[Data extract]

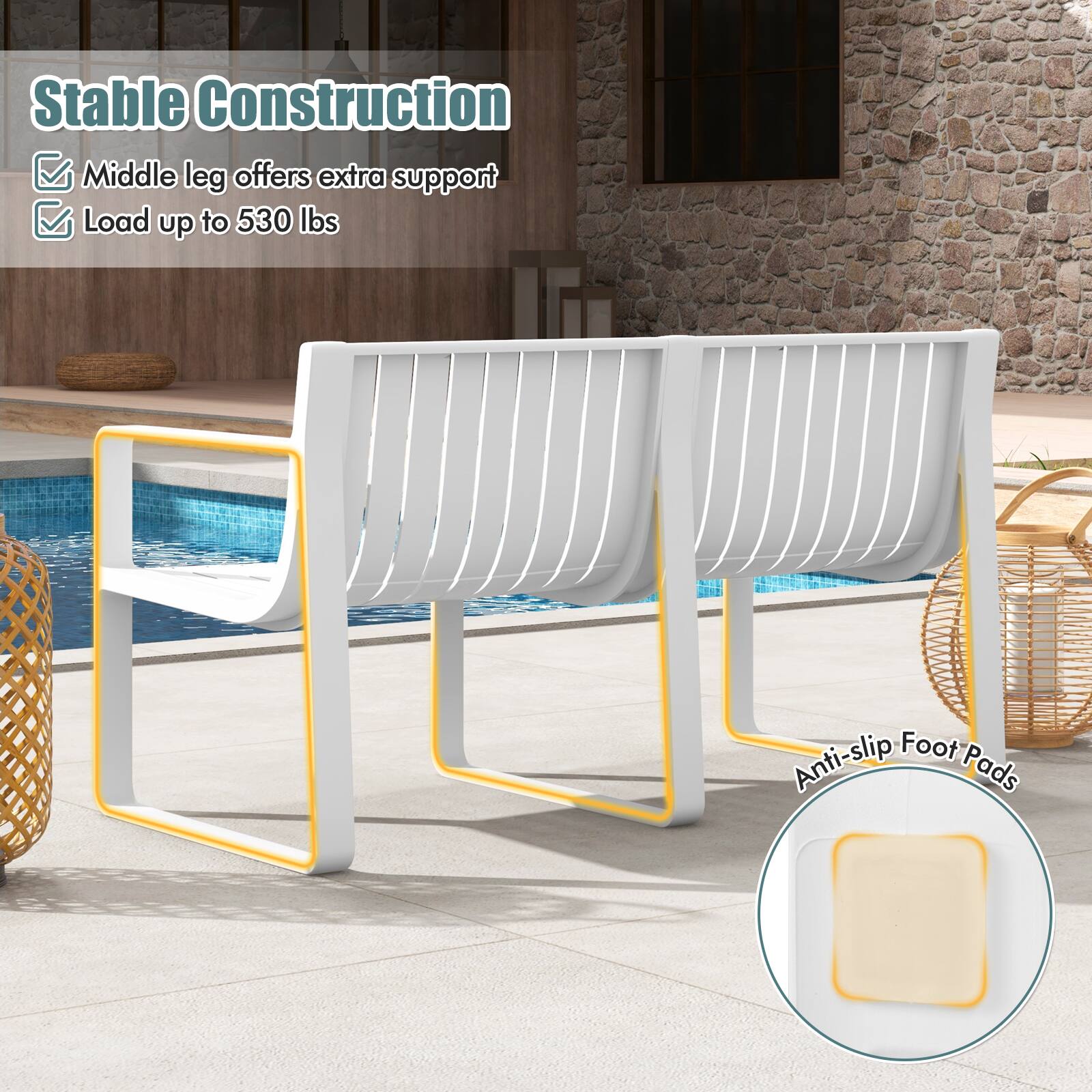 Stable Construction  
- Middle leg offers extra support  
- Load up to 530 lbs  

Anti-slip Foot Pads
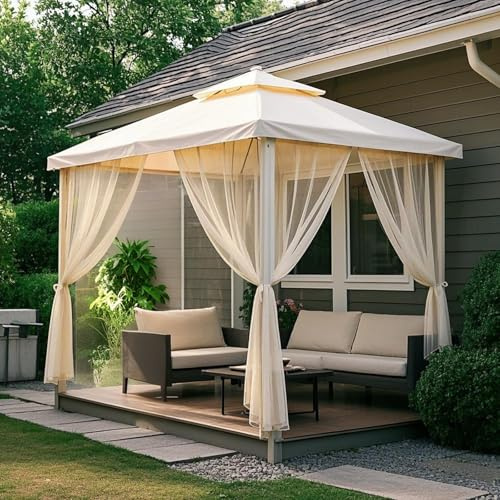 BTTO - Cortinas para Exteriores, Juego de 2 Cortinas, Mosquitera de Exterior, Visillo Cortinas Transparentes, con Bricolaje Ajustable, para Patio, jardín, Gazebo, Beige, L160 x 305 cm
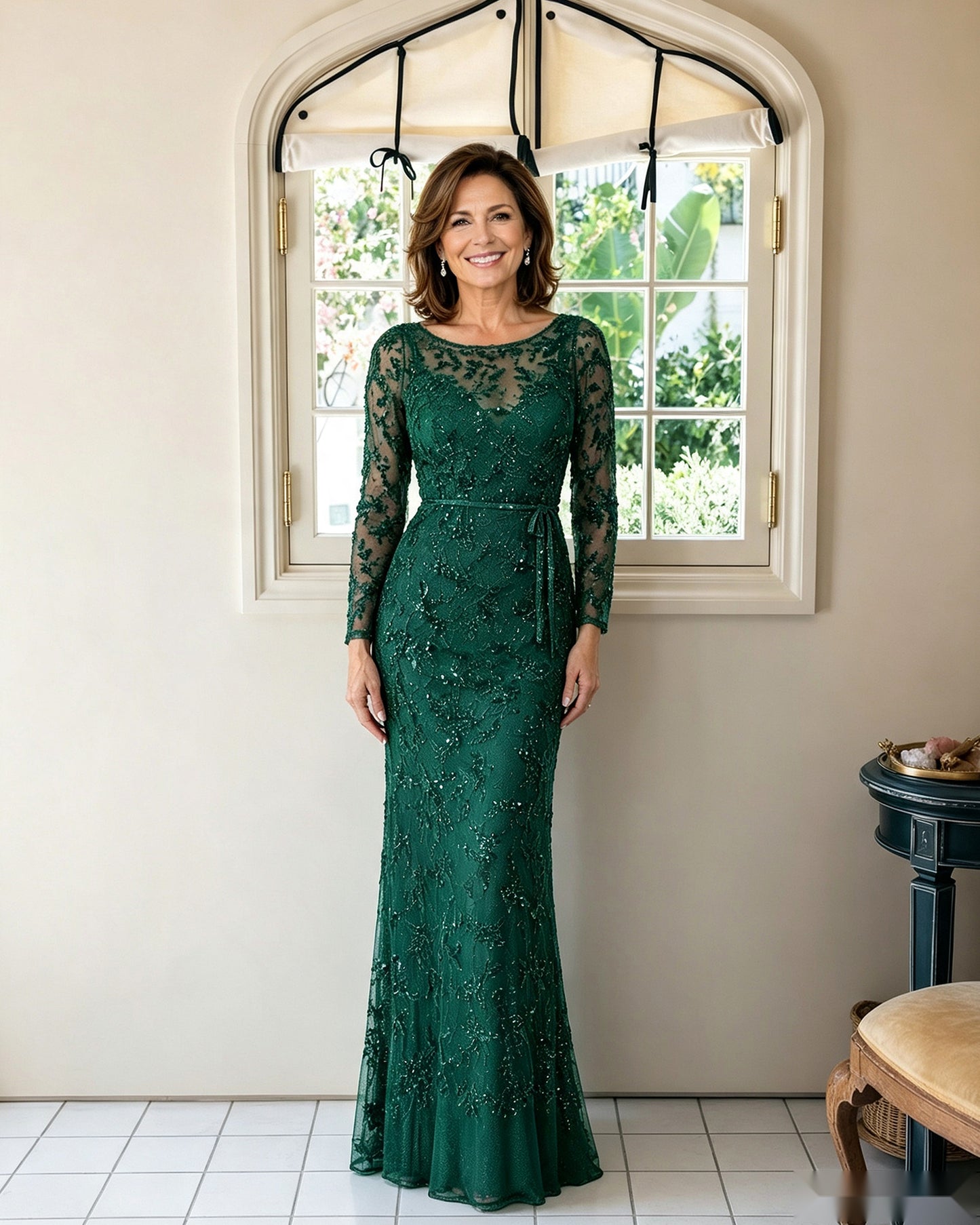 Illusion Lace Long Sleeve Sheath Mother of the Bride Dress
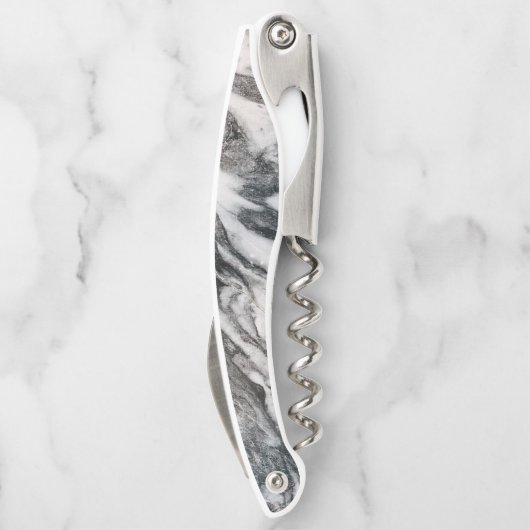 白黒の大理石パターン ソムリエナイフ (裏面)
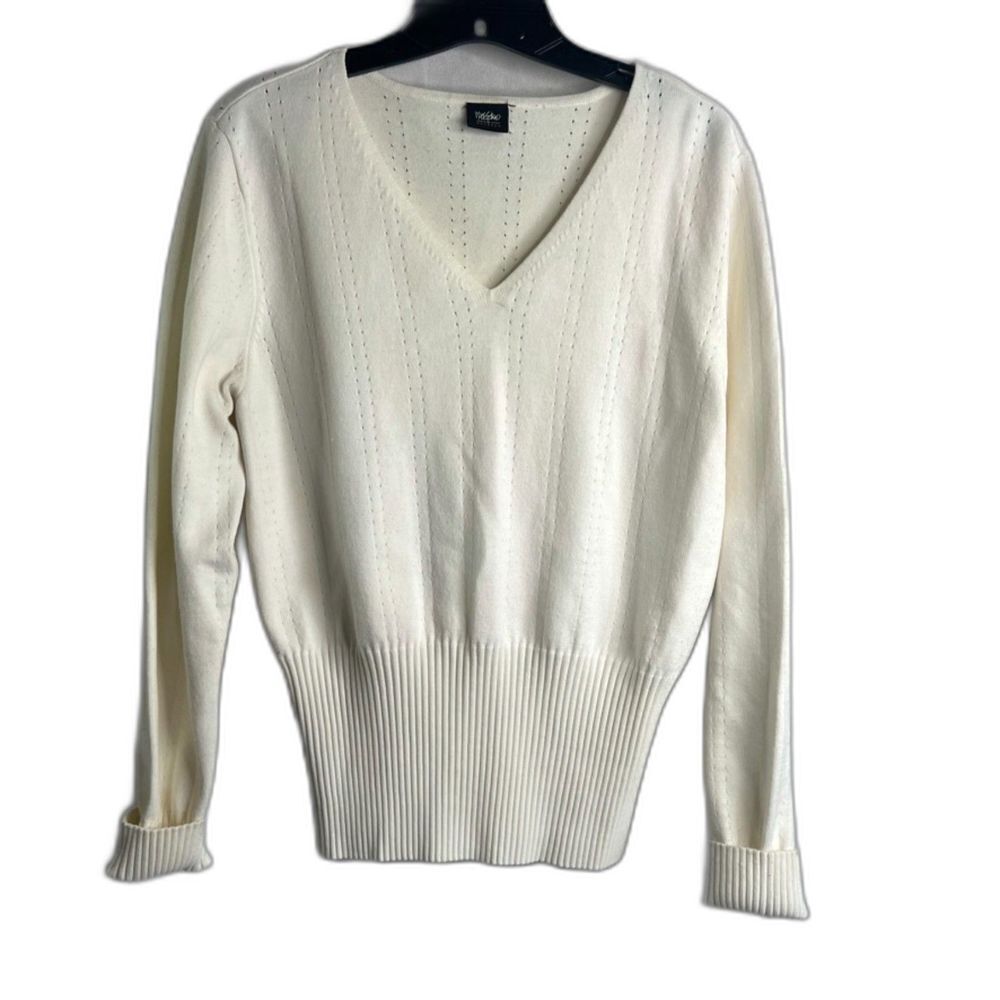Mossimo Stretch White Vneck‎ Pullover Sweater Size Medium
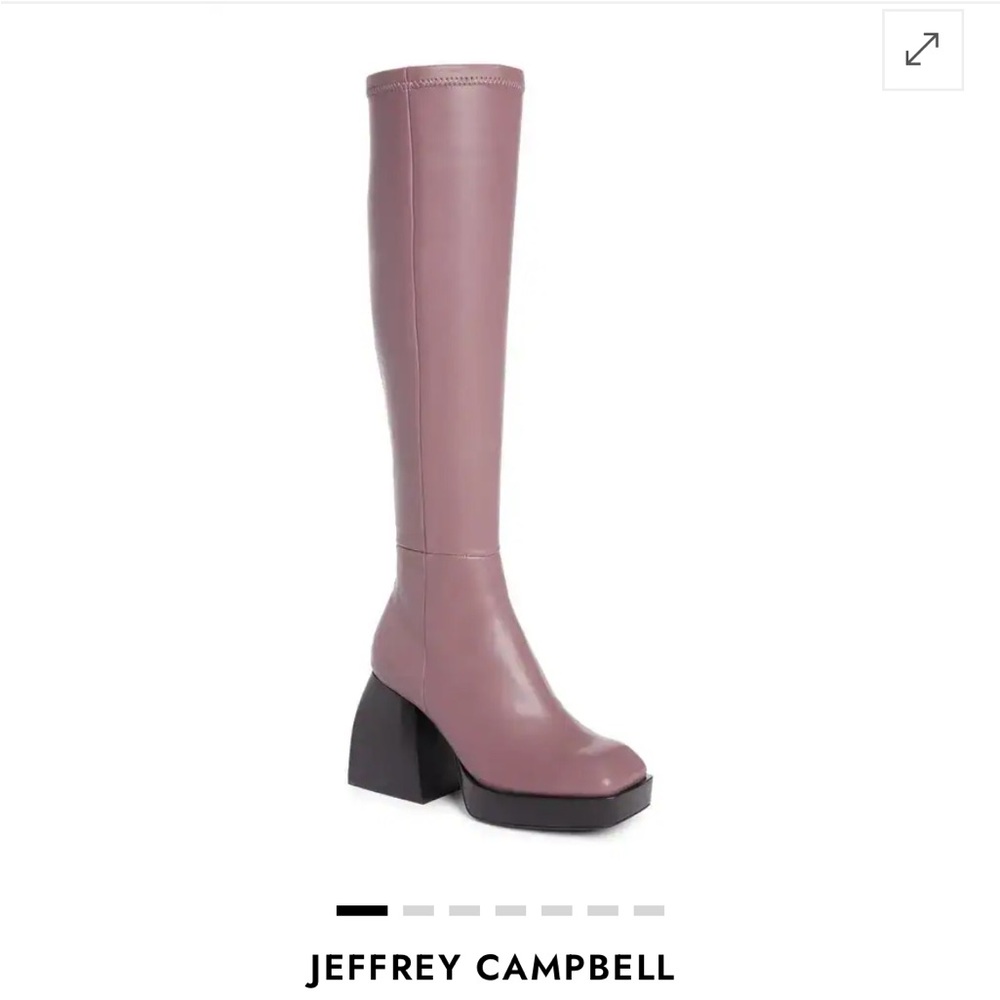 NWT Jeffrey Campbell Dauphin Knee-high Square-toe Heel Boots Size 10 Violet - Picture 3 of 16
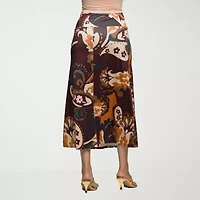 24seven Comfort Apparel Womens Mid Rise Stretch Fabric Maxi Skirt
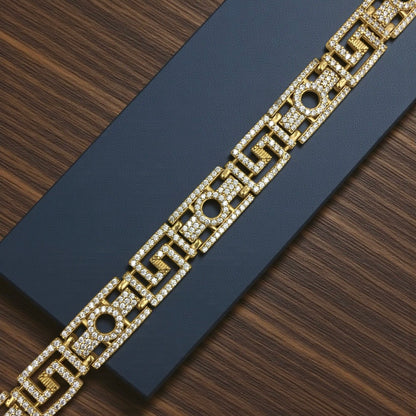 AURELIUS KEY GOLD PLATED DIAMOND BRACELET FOR MEN  – PREMIUM GREEK PATTERN LUXURY BRACELET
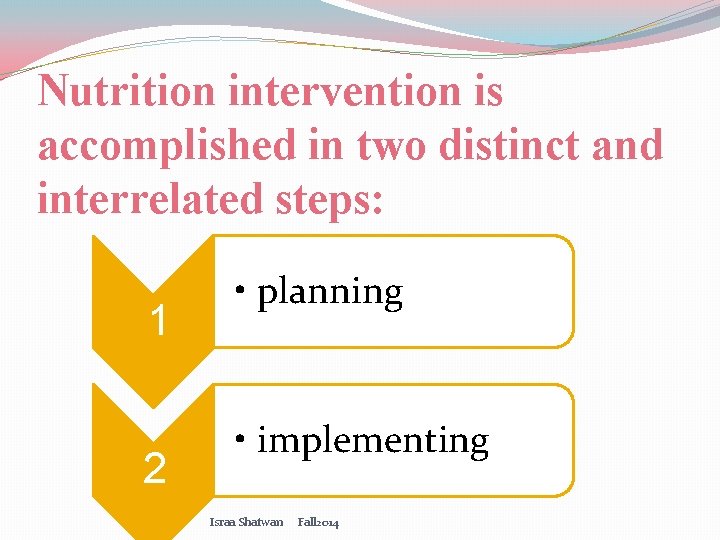 Nutrition intervention is accomplished in two distinct and interrelated steps: 1 2 • planning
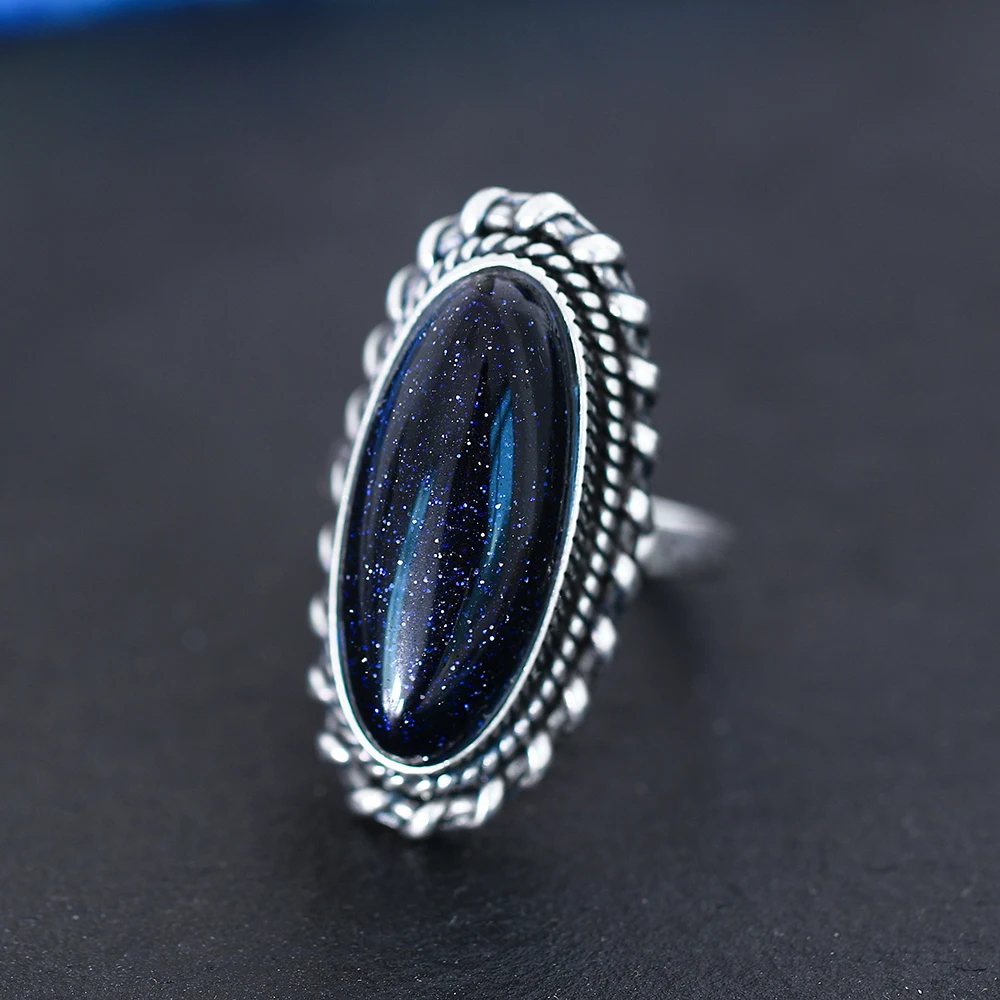 Retro Silver Ring Jewelry Vintage Blue Sandstone Large Stone Luxury Elegant Ring Fine Gift  Rings for Women Men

[/Data extract]

- Brief:
Please retype the data exactly, but do not carry over any picture.

- Solution to this exercise:
 Stable Construction  
- Middle leg offers extra support  
- Load up to 530 lbs  

Anti-slip Foot Pads
 BTTO - Cortinas para Exteriores, Juego de 2 Cortinas, Mosquitera de Exterior, Visillo Cortinas Transparentes, con Bricolaje Ajustable, para Patio, jardín, Gazebo, Beige, L160 x 305 cm
 Illusion Lace Long Sleeve Sheath Mother of the Bride Dress
 白黒の大理石パターン ソムリエナイフ (裏面)
Mossimo Stretch White Vneck‎ Pullover Sweater Size Medium
 NWT Jeffrey Campbell Dauphin Knee-high Square-toe Heel Boots Size 10 Violet - Picture 3 of 16
 24seven Comfort Apparel Womens Mid Rise Stretch Fabric Maxi Skirt
 AURELIUS KEY GOLD PLATED DIAMOND BRACELET FOR MEN  – PREMIUM GREEK PATTERN LUXURY BRACELET
 Nutrition intervention is accomplished in two distinct and interrelated steps: 1 2 • planning
 Retro Silver Ring Jewelry Vintage Blue Sandstone Large Stone Luxury Elegant Ring Fine Gift  Rings for Women Men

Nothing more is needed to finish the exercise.